Al mirarle, les parecía imposible cuanto habían dicho de Él, ¿qué podría tener ese pobre campesino para imponer tanto respeto? ¿Qué podría haber hecho para darles miedo al ir a prenderlo?

Los informes que les habían llegado sobre el Nazareno hablaban de su buen conocimiento de las Escrituras y su hábil dialéctica  pero ¿qué era, realmente lo que predicaba? ¿Dónde lo había aprendido? ¿Cuáles eran sus verdaderas intenciones?

La boca del gobernador se abrió para decirle:

“Si eres tú el Mesías dínoslo. Jesús les contestó: Si os lo dijese no me creeríais, pero sabed que el Hijo del hombre estará sentado a la diestra de Dios” (Lucas 22, 67 – 70)

 

 

HACEMOS SILENCIO

       ¡Qué gran lección se presenta en nuestra vida!
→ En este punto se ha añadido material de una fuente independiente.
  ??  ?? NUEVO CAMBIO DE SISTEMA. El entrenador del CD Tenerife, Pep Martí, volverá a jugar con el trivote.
¡Qué necesario aprender que, antes de juzgar a los demás, hemos de juzgarnos a nosotros mismos!

No he venido a juzgar, dice Jesús, sino a salvar. Pero a Él lo están juzgando y no de manera limpia.

Sin embargo, es grandioso observar que, Jesús no juzga, pero tampoco pacta con el mal, Él enseña la manera de obrar claramente y con valentía. ¡Cuántas veces estamos recriminando nosotros, a la persona que juzga, sin darnos cuenta de que en ese momento la estamos juzgando nosotros a ella!

Por eso es importante que nos digamos con frecuencia ¿quién soy yo para juzgar? Yo no estoy aquí para juzgar, ni para criticar… yo estoy aquí, para construir, para regalar misericordia, para ofrecer compasión… y, como Jesús, para señalar lo que, creo que no está bien.

El mismo San Pablo nos lo dice de esta manera, en Romanos 14, 13: “Dejemos de juzgarnos mutuamente…” Sabiendo que, dejarnos de juzgar unos a otros, nunca debe conducir a la pasividad de quitarnos problemas de encima, sino a buscar una actividad y un compromiso en común.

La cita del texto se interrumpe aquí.